A Week in Bad PR: Object Lessons from the Dark Side

Social media and the Interwebs are teaching me a lot about communication, what works and what doesn’t in Public Relations and Marketing.  This week offered examples of good, bad and unethical PR practices.

Good. Since several stories of bad Public Relations surfaced this past week, Sarah Evans sent a call out to catch PR folks in the act of doing what’s right.  Kudos to that!

Bad. Bad Pitch Blog (and can I just say–I hope to never make this Blog of Shame) shared this role reversal: During a search for a well-salaried position, a journalist makes a bad pitch to a PR firm by belittling the gig. All downhill after that.
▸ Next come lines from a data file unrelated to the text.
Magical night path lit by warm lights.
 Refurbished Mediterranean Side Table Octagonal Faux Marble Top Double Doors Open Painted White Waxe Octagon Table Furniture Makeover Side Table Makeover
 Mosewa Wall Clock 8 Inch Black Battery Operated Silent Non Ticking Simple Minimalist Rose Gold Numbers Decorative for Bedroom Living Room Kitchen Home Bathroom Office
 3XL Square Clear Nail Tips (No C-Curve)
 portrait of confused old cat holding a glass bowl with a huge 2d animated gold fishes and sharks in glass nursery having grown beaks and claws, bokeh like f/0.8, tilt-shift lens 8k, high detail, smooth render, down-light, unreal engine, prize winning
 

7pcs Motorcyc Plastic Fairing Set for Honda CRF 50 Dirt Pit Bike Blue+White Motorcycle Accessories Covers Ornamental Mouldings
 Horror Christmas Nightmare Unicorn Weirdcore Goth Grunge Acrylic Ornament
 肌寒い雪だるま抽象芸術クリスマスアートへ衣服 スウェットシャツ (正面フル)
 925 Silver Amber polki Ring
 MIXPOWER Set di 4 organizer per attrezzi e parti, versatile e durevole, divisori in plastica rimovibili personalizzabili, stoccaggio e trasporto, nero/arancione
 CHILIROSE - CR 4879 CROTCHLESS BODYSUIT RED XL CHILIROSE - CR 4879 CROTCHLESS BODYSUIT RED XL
Lesson learned: Do Not overestimate my value or worth, especially when seeking gainful employment.

Equal parts Bad and Galactically Stupid. A PR Agency gets caught in SpamGate, blasting everyone the same pitch. The error compounds as the email basics of CC, BCC and Reply All were lost on many.

replyall2Making matters worse was the fact that the spam email in question was sent to several PR and Social Media experts, who of course, quickly called out the Agency. This resulted in several posts and tweets, some harsh. Many just commented on the bad practices rather than bad practitioners.

Adding fuel to the fire, the agency was too slow to respond, posting the same apology on many of the blogs that critiqued their failure.  On Friday the agency posted this response, but I suspect it’s too little, too late.

Lessons learned: 1) Start with better PR practices than bulk emailing pitches and 2) Have a plan for when things go sideways. Mistakes will happen. It’s what you do next to quickly fix it that’ll make a difference.

Evil. This is the horrific, unfunny version of that scene in Once Upon a Time in Mexico, where Johnny Depp fixes the bullfight by zapping the matador: a PR Agency gets caught getting interns to rig the game by planting fake positive reviews of iPhone apps on behalf of clients.

A couple of stories and tweets and blogs about this, including Rachel Kay’s query about what happens if the interns refused, and if not, “bigger issues.” True that.

Lesson learned: The unethical practice of a PR Agency actively marketing and selling the services of rigging favorable opinions on social media networks and websites on behalf of clients and their products is counter to everything good PR and Social Media practices are all about. Period.